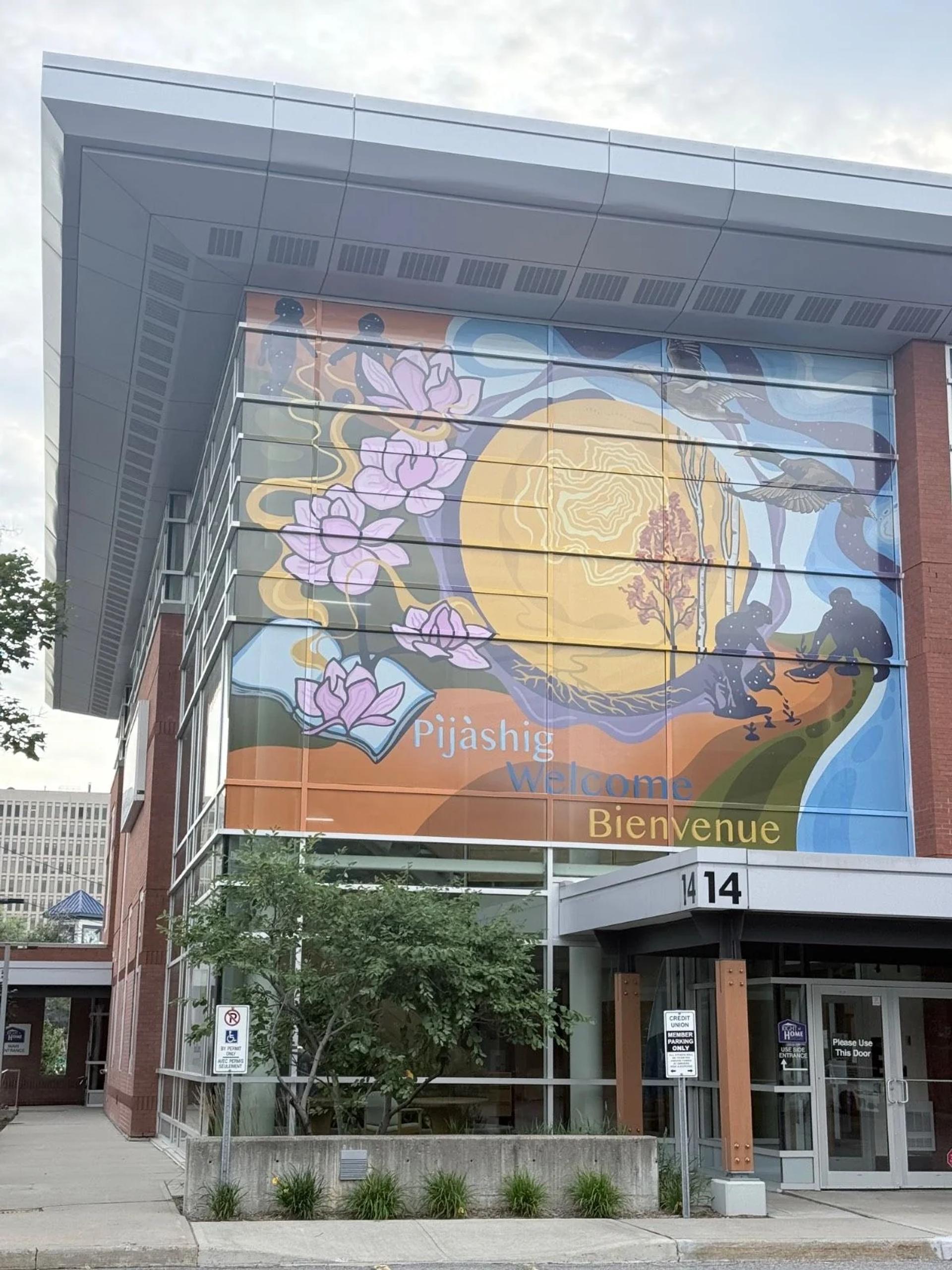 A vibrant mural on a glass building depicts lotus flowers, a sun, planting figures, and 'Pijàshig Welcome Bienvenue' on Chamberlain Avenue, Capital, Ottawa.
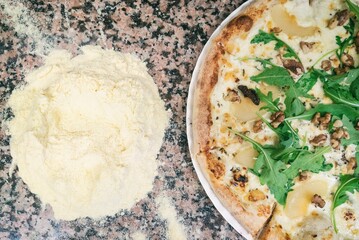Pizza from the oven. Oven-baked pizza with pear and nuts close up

...

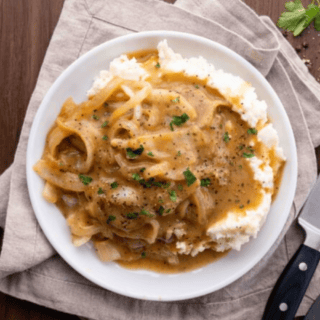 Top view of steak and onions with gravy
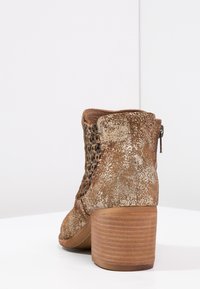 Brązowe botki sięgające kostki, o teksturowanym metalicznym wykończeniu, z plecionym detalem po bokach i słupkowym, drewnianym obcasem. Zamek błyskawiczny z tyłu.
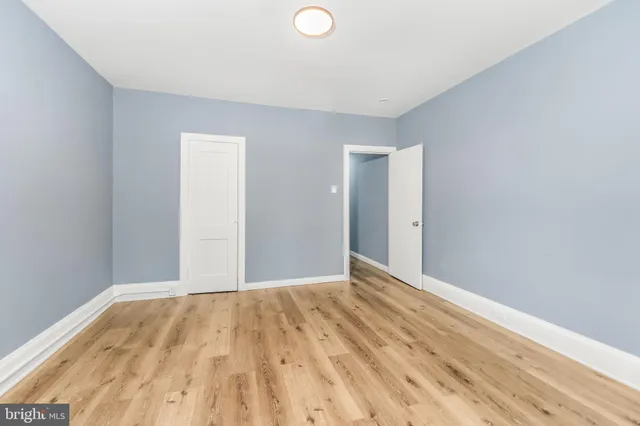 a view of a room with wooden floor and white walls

Task brief >> From the records above, give again only the part that opens with the line containing "Top view of steak and onions with gravy" and closes with the line containing "a view of a". Keep both ends but drop the pictures.

Exercise answer >>
 Top view of steak and onions with gravy
 Brązowe botki sięgające kostki, o teksturowanym metalicznym wykończeniu, z plecionym detalem po bokach i słupkowym, drewnianym obcasem. Zamek błyskawiczny z tyłu.
 a view of a room with wooden floor and white walls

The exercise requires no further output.